> _EXERCISE DATA_:
+===+
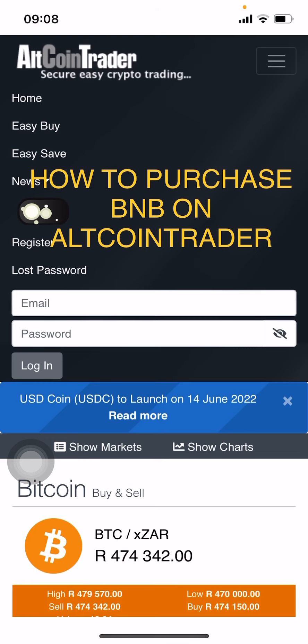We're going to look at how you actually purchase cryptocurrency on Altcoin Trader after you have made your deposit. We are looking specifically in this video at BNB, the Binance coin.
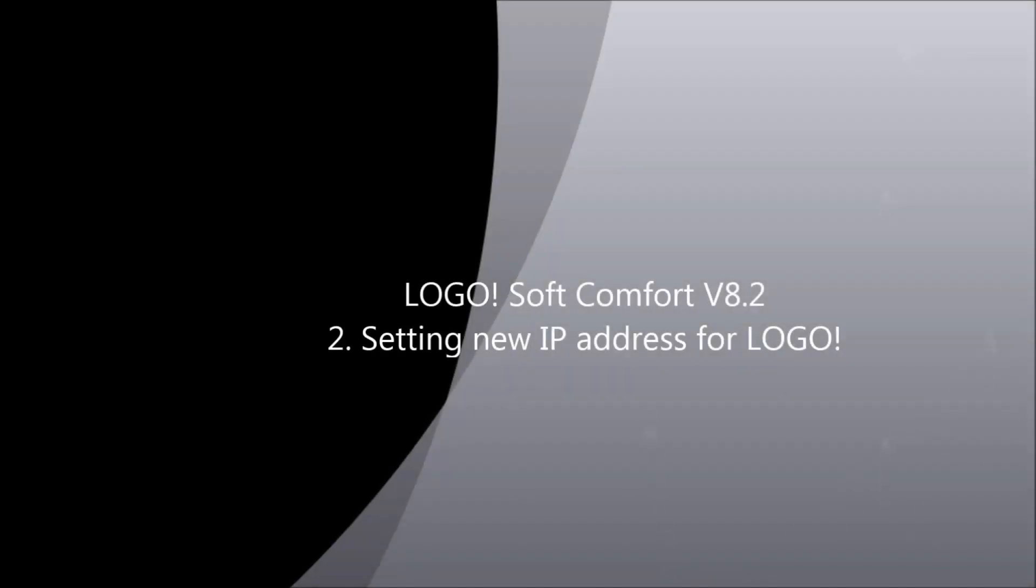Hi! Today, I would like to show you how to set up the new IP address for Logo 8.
+===+
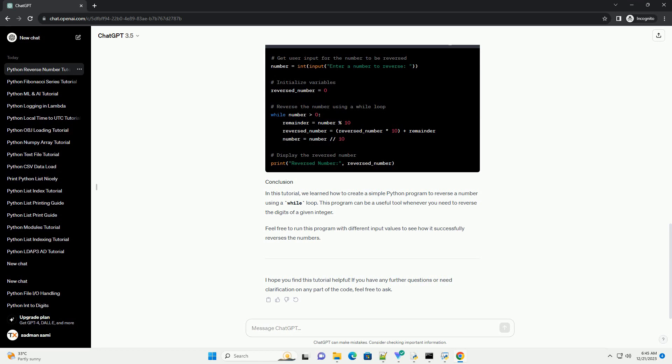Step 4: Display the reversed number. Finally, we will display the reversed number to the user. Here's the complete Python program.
+===+
> _WHAT IS REQUIRED_: From the records above, return exactly the lines running from the one that contains "We're going to" down to the one that contains "Hi! Today, I", both included, without any pictures.

> _RESPONSE_:
We're going to look at how you actually purchase cryptocurrency on Altcoin Trader after you have made your deposit. We are looking specifically in this video at BNB, the Binance coin.
Hi! Today, I would like to show you how to set up the new IP address for Logo 8.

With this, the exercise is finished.